WHAT YOU SHOULD DO: Type the entries out again exactly as they read, but leave every picture behind.

Dataset entries:
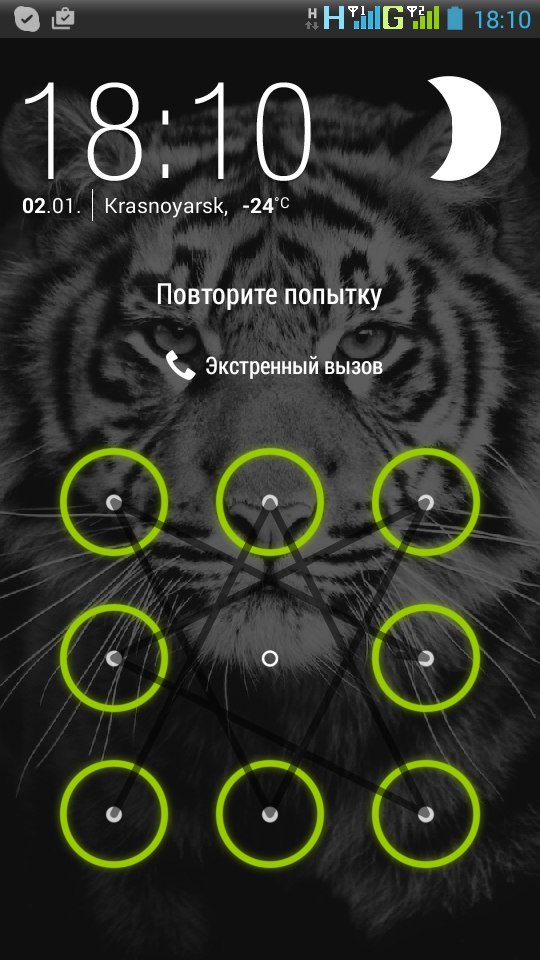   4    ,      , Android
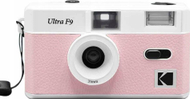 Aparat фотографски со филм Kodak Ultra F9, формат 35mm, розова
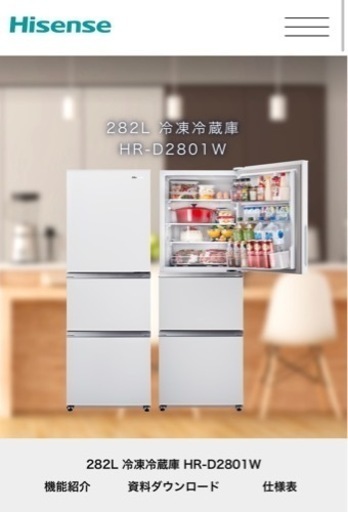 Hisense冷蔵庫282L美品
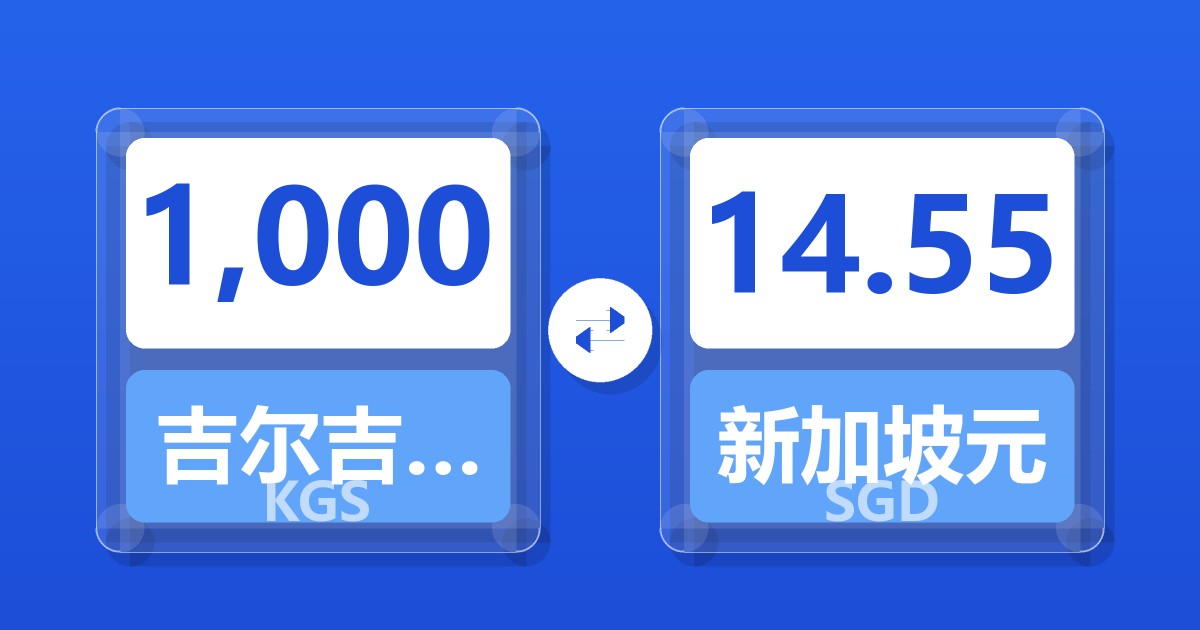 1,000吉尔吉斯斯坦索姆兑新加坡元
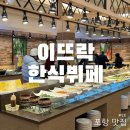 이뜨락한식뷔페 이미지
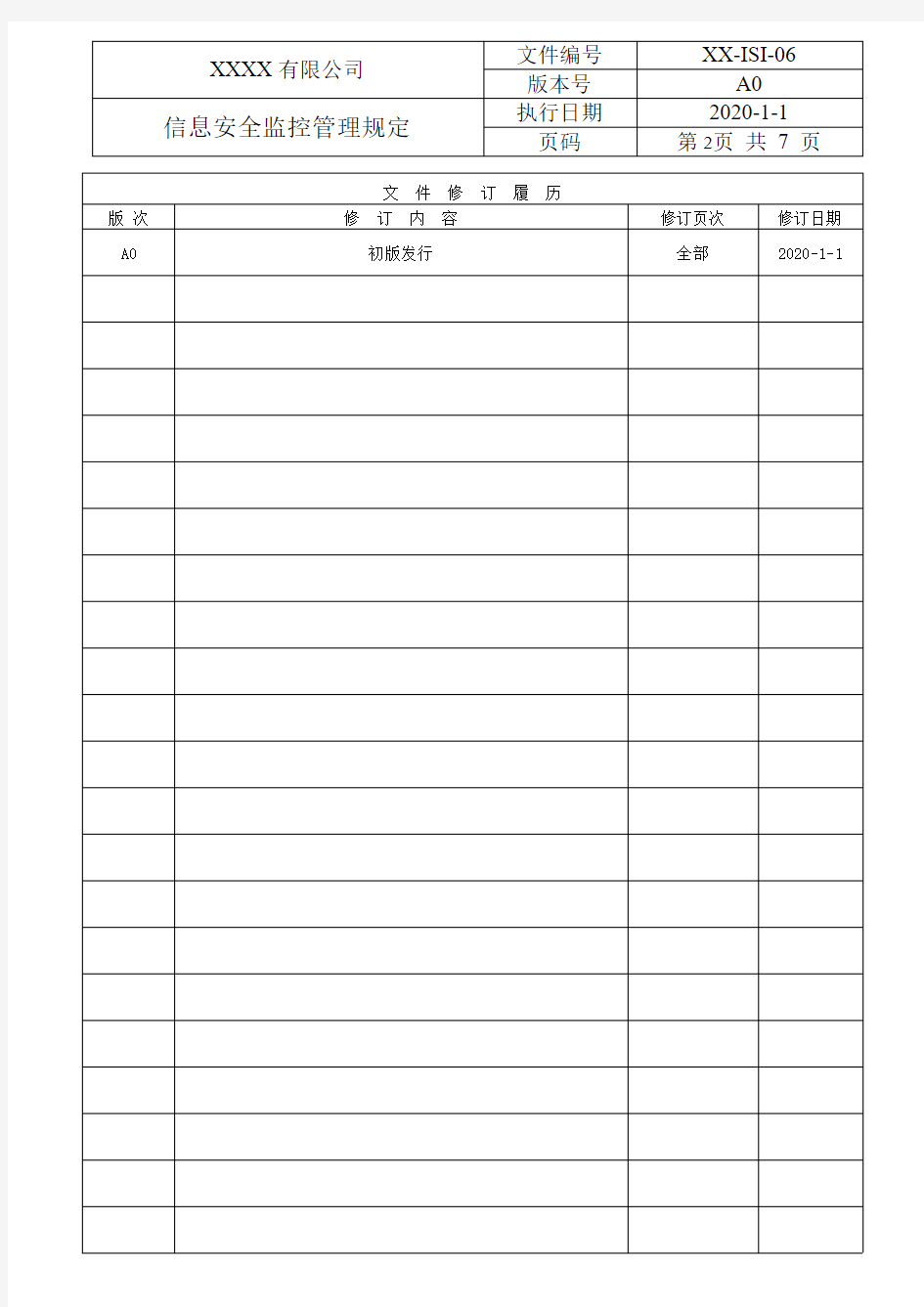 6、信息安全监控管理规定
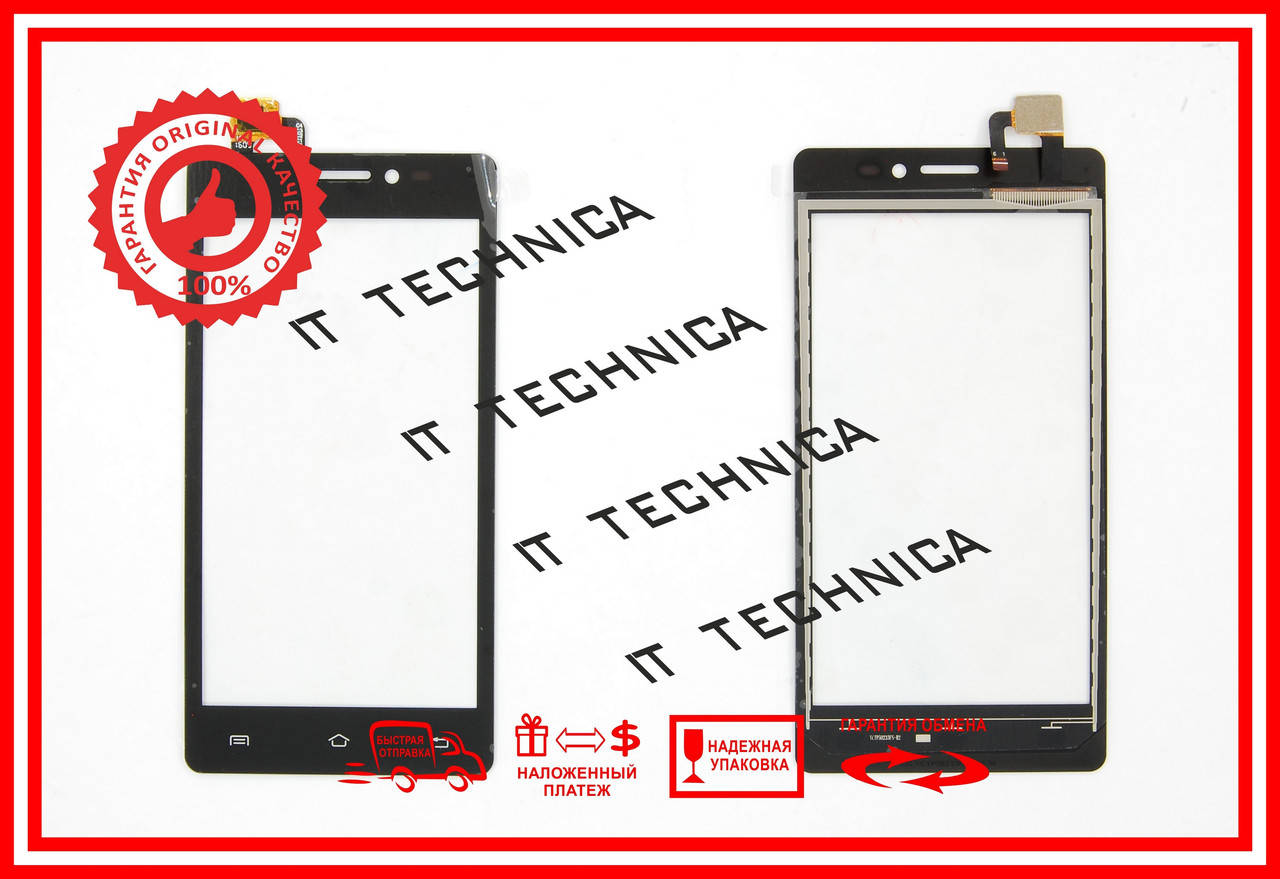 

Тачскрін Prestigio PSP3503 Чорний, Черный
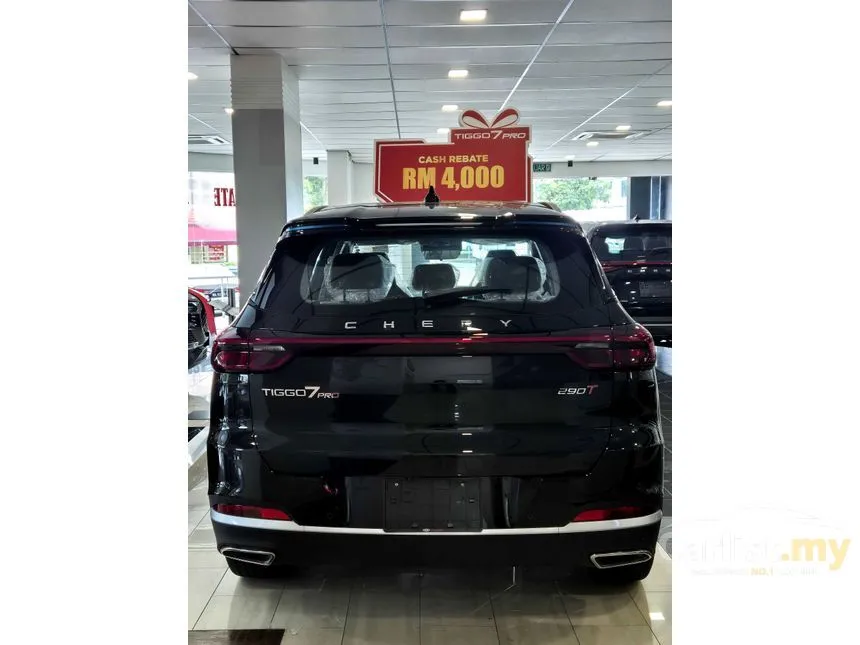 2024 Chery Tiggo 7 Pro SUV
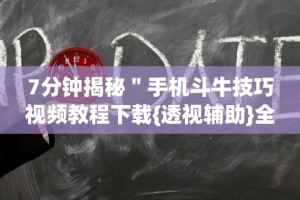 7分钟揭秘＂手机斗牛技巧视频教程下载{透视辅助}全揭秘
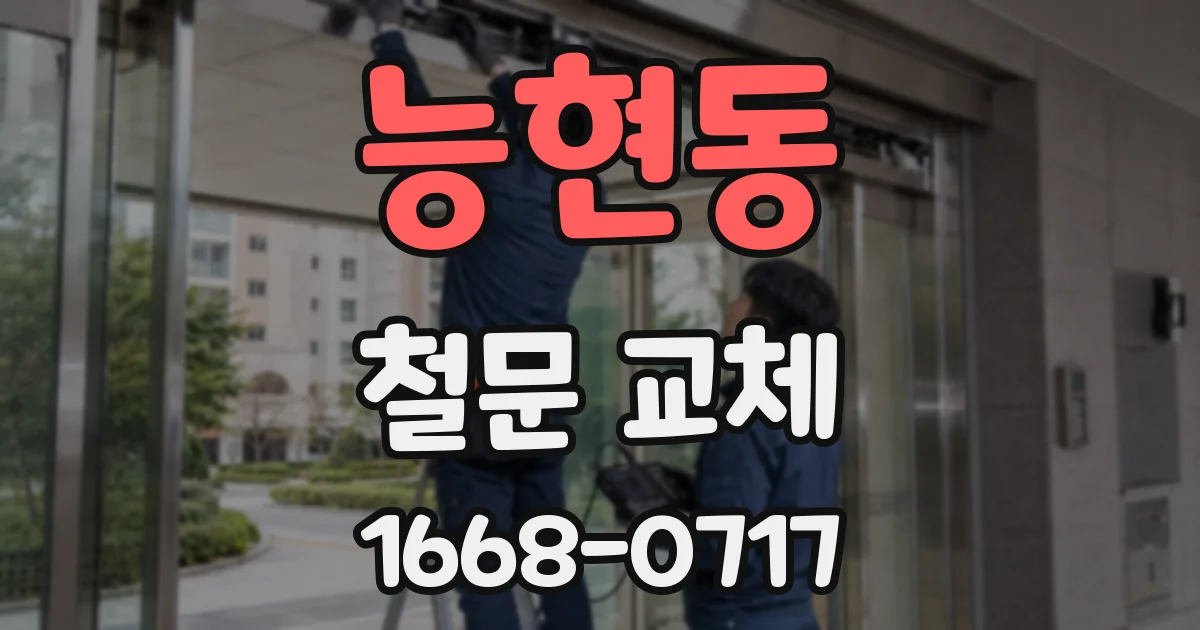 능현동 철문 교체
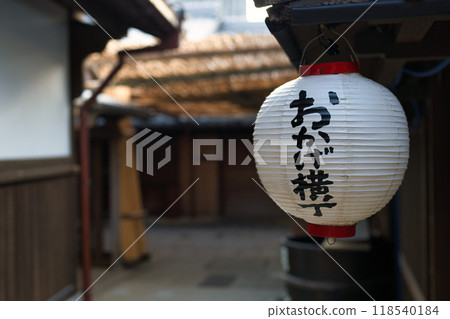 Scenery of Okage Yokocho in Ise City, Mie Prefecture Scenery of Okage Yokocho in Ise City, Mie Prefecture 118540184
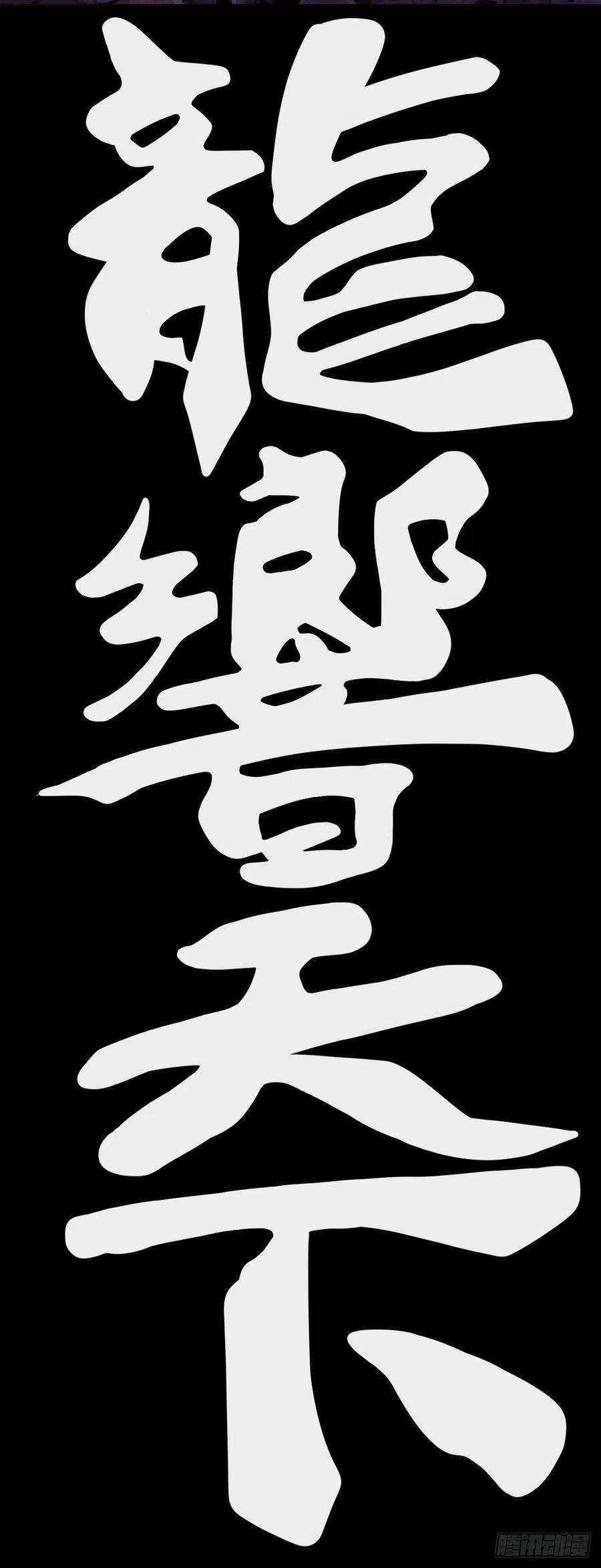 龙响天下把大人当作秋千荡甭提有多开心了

ANSWER:
   4    ,      , Android
 Aparat фотографски со филм Kodak Ultra F9, формат 35mm, розова
 Hisense冷蔵庫282L美品
 1,000吉尔吉斯斯坦索姆兑新加坡元
 이뜨락한식뷔페 이미지
 6、信息安全监控管理规定

Тачскрін Prestigio PSP3503 Чорний, Черный
 2024 Chery Tiggo 7 Pro SUV
 7分钟揭秘＂手机斗牛技巧视频教程下载{透视辅助}全揭秘
 능현동 철문 교체
 Scenery of Okage Yokocho in Ise City, Mie Prefecture Scenery of Okage Yokocho in Ise City, Mie Prefecture 118540184
 龙响天下把大人当作秋千荡甭提有多开心了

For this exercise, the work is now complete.